You withstood them all, stand against them.
So you withstand poison and flying powers,
The fiend that fares in the land.
This wort is “Stune”; it grew on stone.
It stands against poison; it stuns pain.
It is called “stiff”; it withstands poison,
It presses the hostile, drives out poison.
This is the wort that fought the worm:
This power against poison, the power against flying powers,
This power against the fiend that fares in the land.
Put to flight, Cockspur, the lesser the greater,
The greater the lesser, ‘til there’s a cure for both.
Recall, Chamomile, what you made clear,
What you ended at Alorford.
None forfeited his life to flying powers,
Once Chamomile was made, taken as a cure.
This wort is called the Crabapple,
This seal sent it off over the sea’s ridge,
A cure for evil of another poison.
These nine have power against nine poisons.

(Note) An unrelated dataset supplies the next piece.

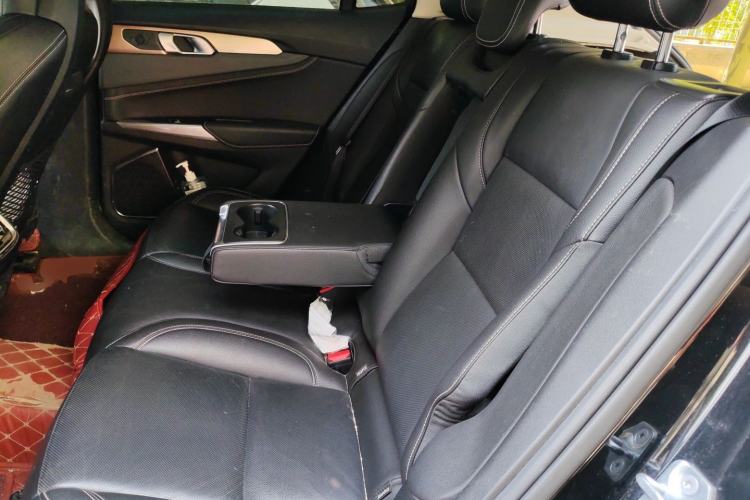 Used Lynk & Co 01 2019 2.0T Two-Wheel-Drive Pro Version China V Standard Left Rear Seat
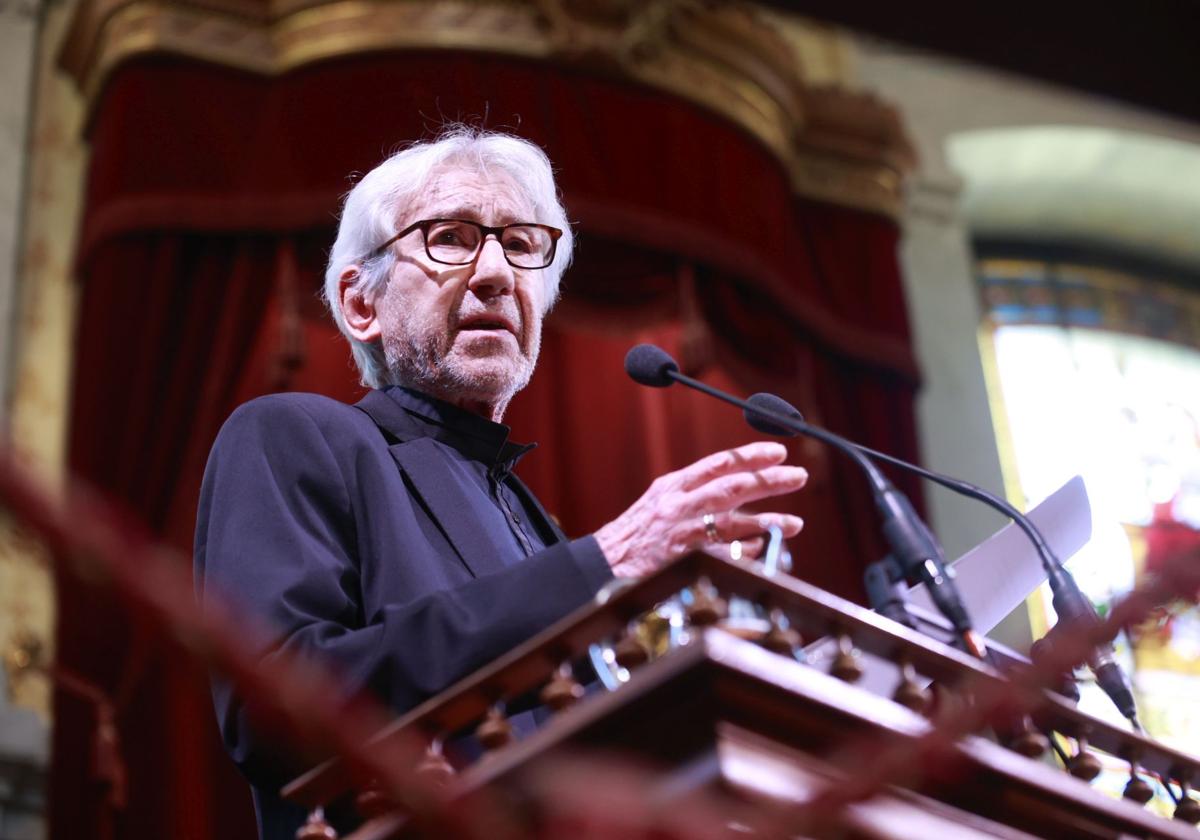 José Sacristán, leyendo el discurso de ingreso de Antonio Machado en la RAE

A worm came sneaking, tore someone apart.
Then Woden took nine glory twigs,
Slew the adder so it slunk away in nine.
Apple and poison ended there,
So the adder never wanted to enter the house.
Chervil and Fennel, two that are fierce:
The wisest Lord made those worts,
Holy in heaven, when he hung.
He set and sent them into seven worlds
As a cure for all, the unhappy and the blessed.
She stands against poison, it stuns poison,
The power against three and against thirty,
Against the fiends’ hand and against sudden fraud,
Against the witchcraft of wicked wights.
Now these nine worts against nine who flee glory
Against nine poisons, against nine flying powers,
Against red poison, against running poison,
Against white poison, against purple poison,
Against yellow poison, against green poison,
Against black poison, against blue poison,
Against brown poison, against crimson poison,
Against snake-blister, against water-blister,
Against thorn-blister, against thistle-blister,
Against ice-blister, against poison-blister.
If any poison comes flying from the east,
Any come from the north,
Any from the west over the welter of peoples,
Christ stood over every sickness.
I alone know the running river,
Where nine adders see it narrow.
May all the weeds spring up as worts,
The seas slip apart, every salt water,
When I blow this illness away from you.
Mugwort, Way-bread, open from the east; Lambs’ Cress; Fumitory; Nettle; Crabapple; Chervil and Fennel; old soap. Work those worts to dust, mix them with the soap and the apple’s pulp. Make a paste out of water and ash, take Fennel, boil it in the paste and bathe it with an egg mixture when the person applies it, both before and after. Sing the galdor on each of the worts three times before they are prepared, and on the apple too. And sing this same galdor into the person’s mouth and the ears and on the wound, before the salve is applied.